I moved my hand down to his stomach and made circles there. I felt him shiver, and I felt powerful. “What makes an ass ‘tremendous?’” I asked.
He squeezed it again. “Its shape,” he said into my ear. “Its fullness. Trust me when I say that there are few asses in the world that are stacked like this one.” He moved his lips up and down my earlobe, nibbling and kissing, and I felt my pelvis grind into him. My body was mine and it was not mine, I realized. I didn’t know what it was doing, and yet it was me.
He wound his tongue around my ear, and I moaned and brought him closer to me. We began to grind our pelvises together and his penis was so hard and his hands were everywhere – I couldn’t keep track anymore. When he stuck his finger into me I just lost track of everything and held on tight. There was no baseball, there was no Dad, nobody was black and nobody was not black enough, there were just hands, fingers, tongues, backs, butts, ears, everything opening.
Dad and I stood in the backyard, dusk coming behind us, throwing the ball around.
“Houston got word that they might have to play us. They’re not pleased.” He grinned, catching the ball.

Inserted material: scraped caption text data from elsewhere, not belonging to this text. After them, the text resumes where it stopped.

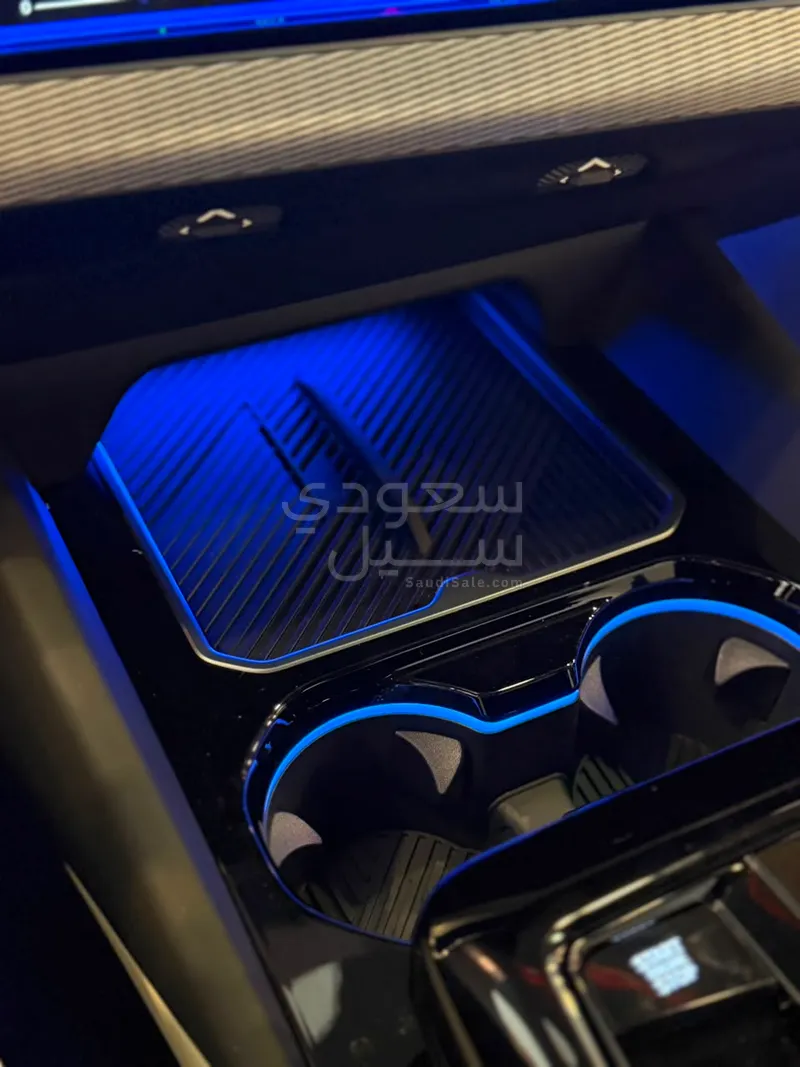 2025 بي ام دبليو الفئة الخامسة 520 أي إم كت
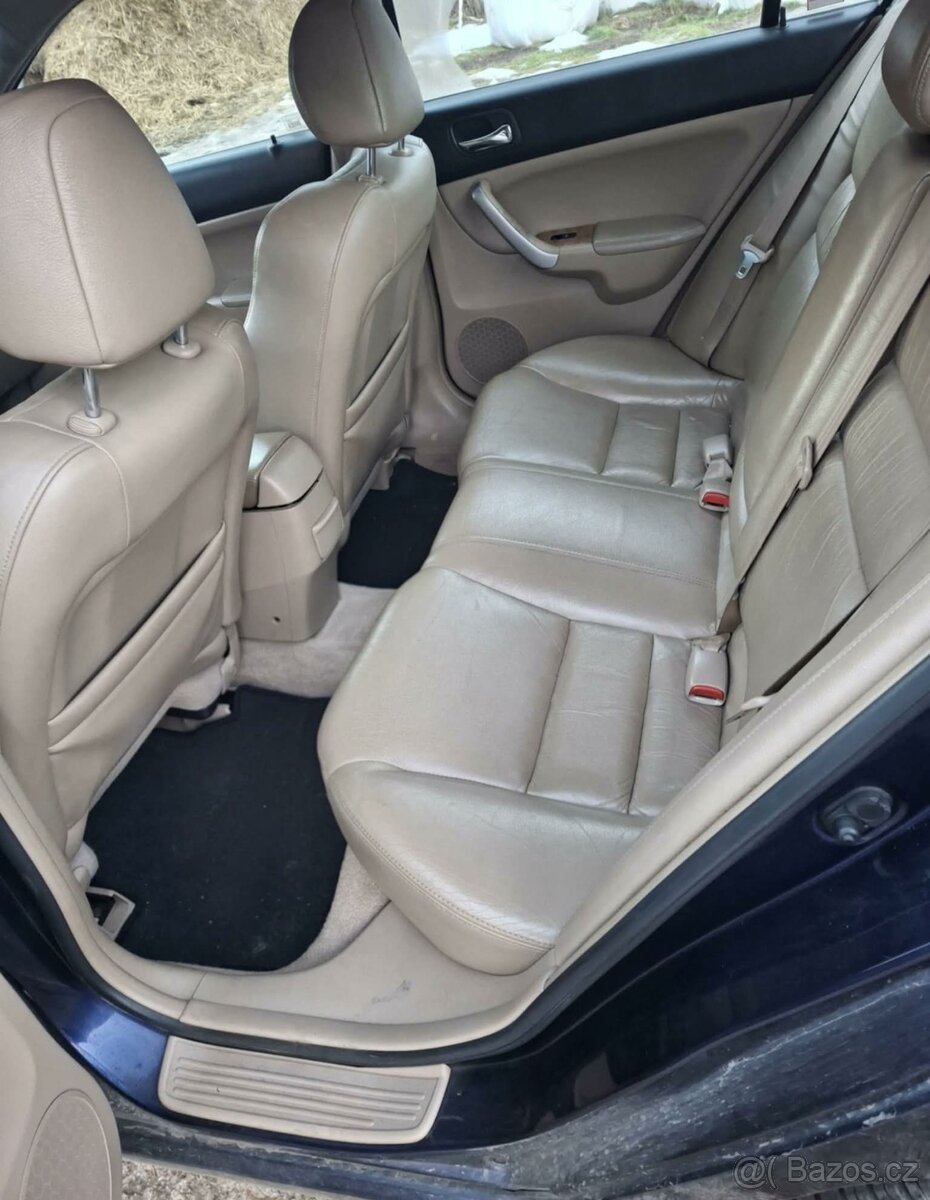 Predám Honda Accord VII 2.2 D - 6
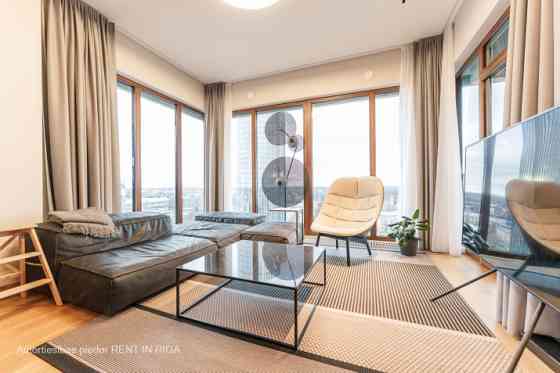 Продается квартира на 19-м этаже с фантастическим видом на Старый город, Даугаву и Rīga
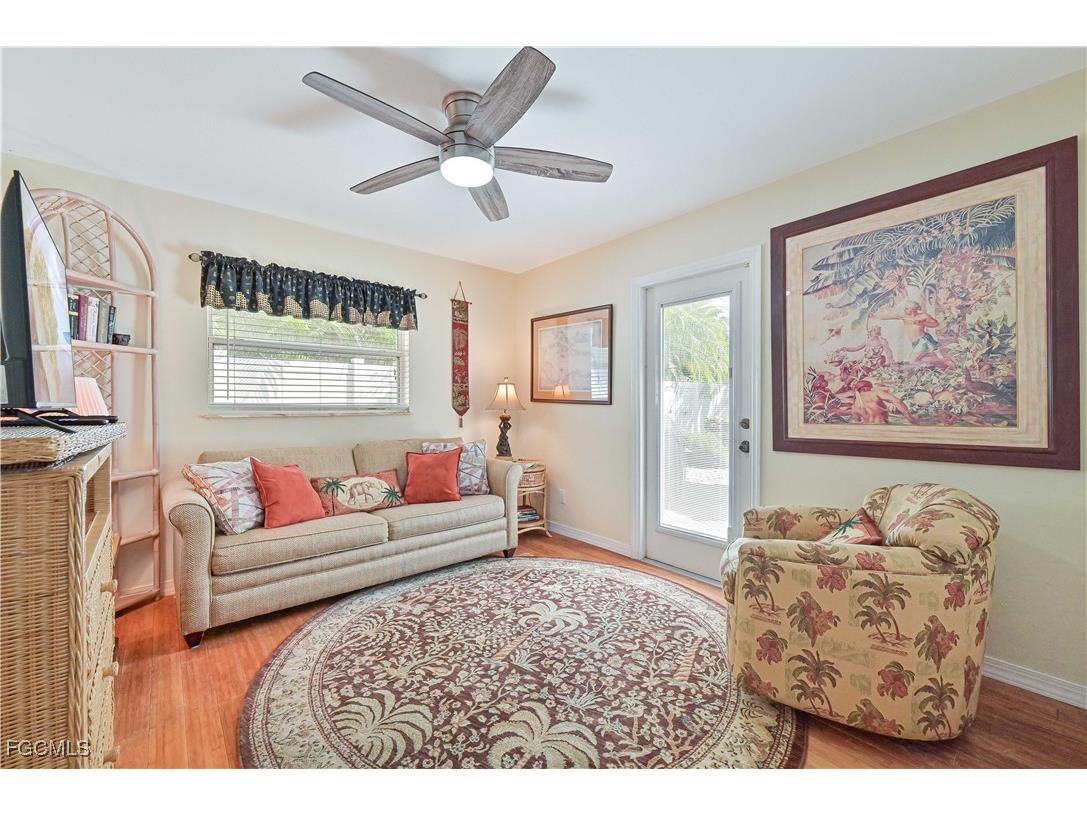 572 105th Avenue N Naples FL 34108 2025017985 image22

“Better us than Memphis,” I said. Memphis had won nationals three out of the last seven years, although they weren’t playing so well this year for some reason.
Dad frowned. “What do you mean? Memphis sucks.” He threw the ball back to me, and I watched it spin towards me.
“They don’t.” I reached out and grabbed the ball. “They suck right now, but they might not suck next month. There’s a difference.”
Dad snorted. I wondered if he knew that we weren’t really talking about Memphis, but about me. “Memphis sucks,” he repeated.
I shivered. It would soon be dark.
“They couldn’t find their asshole if it bit them in the face right now,” said Dad. “A winning team has to win games. Everything else is just nice stories for the history books. What have they done lately?”
I whipped the ball at him sideways, so that it curved around, headed for his head. “Hey!” He dove for it, landing on his side in the grass. “What are you trying to do, kill me?” He stood up slowly, brushing himself off.
I wasn’t grinning. Not quite. “Sorry, Dad.”
He looked at me funny from across the yard. Even though he had thrown around with me in this very spot and at the same time of day thousands of times, I got the feeling that in that moment, he wasn’t sure he recognized me. And then it passed. “It’s okay,” he said. “Just be more careful next time.”
I punched my glove, nodding. “Sure,” I said. “Sorry.”
Thursday night, Reggie and I sat under the elm tree with branches that twisted and turned in the wind. His arms were around me, and I felt safe again, but also anxious.
“You okay?” he asked me, in my ear.
I nodded.
“You’re a little quiet.”
I didn’t say anything, just watched a squirrel dig up acorns in the dirt around us.
“Did you tell anybody? About what happened the other night?” he asked, his voice a little strained.
“No,” I said.
He kissed the top of my head. “Me neither.”
The wind was swirling in my ears.
He pulled at a strand of my hair so that the curl straightened, and then he let it go and it bounced back. Reggie laughed. “You got pretty curls, especially in the back.”
I picked up a stick and began digging in the dirt. “I don’t like it,” I said. “It’s too frizzy.”
“No one wants the hair they got, no matter what kind it is,” he said, and then pulled on another curl. “I bet your mom doesn’t know what to do with it neither.”
I laughed and dug deeper. The sky was turning from purple to deep blue.
“I don’t really get what ya’ll do with your hair, but I know my mom and my sisters get theirs straightened,” said Reggie. He shrugged. “They seem to like it well enough.” He snaked his face around so that he was looking at my profile. “You ever been to a black hairdresser?”
I shook my head, thinking that I just might dig all the way to China.
“Well, maybe you should go, see what you think.”
I paused in my digging. “Would you really walk in there with your white mother if you had one?” I asked
“If I needed to get my hair done I would,” he said. So many things were so simple for him.
My face colored. “You think I need to get my hair done?”
He snickered. “Now, don’t put that on me. You’re the one who said you wanted it less frizzy.”